Tuesday, July 2, 2013

World-class whining. Deal with it.

Know what? It occurs to me that I haven’t indulged in any world-class whining for quite a spell, and I might be overdue. So get comfortable.

The crap du jour is severe joint pain. The key word here is “severe,” because I’m arthritic and experience joint pain to some degree practically all the time, especially in my knees. Unfortunately, I’m convinced now that the culprit is CHIA SEEDS, because the same damn thing happens whenever I start consuming more than a quarter-cup a day on consecutive days. I was under the impression, from reading everything available on the Internet, that one of chia seeds’ many health benefits is their effect as an anti-inflammatory ... except MY reaction is the exact opposite! (Welcome to my world.)

So ... even though I was convinced that chias seeds were my new best friends, I guess I’ll have to cut back to that quarter-cup maximum and probably limit myself to three times a week. The alternative is really too painful to think about. My knees are so awful today that I don’t even want to stand up, and my hands feel like crap, too. Plus my right elbow. And don’t forget ... I’m still walking like the Hunchback of Notre Dame from a plantar fasciitis flare-up in my right heel. This alone would be enough to terrify an entire neighborhood, so I’ll just stay inside with “People’s Court” and pickles & biscuits.

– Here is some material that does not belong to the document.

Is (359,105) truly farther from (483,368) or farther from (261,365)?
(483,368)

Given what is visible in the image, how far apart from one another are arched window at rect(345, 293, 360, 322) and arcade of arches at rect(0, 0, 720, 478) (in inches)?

End of whining. Gracias and smooches for putting up with me.

In other news, we’ve got a handyman horsing around in the master bedroom replacing our cracked bay window, Sam is barely conscious after getting home from work this morning at 6 a.m. (holy crap) and I think I might shlep my bones into the kitchen to bake a loaf of low-carb bread so I’ll have something wonderful to eat today. Thanks for stopping by and don’t forget to floss, okay?


Scott K. Johnson said...

Oh man, I'm sorry you're hurting. And from chia seeds?! Who woulda thought?

Marcy said...

Yep, I’m positive my joint pain is from an overdose of chia seeds! Amazing, right? I’m probably the only screwball on earth to have negative side effects from an ancient superfood. Go figure.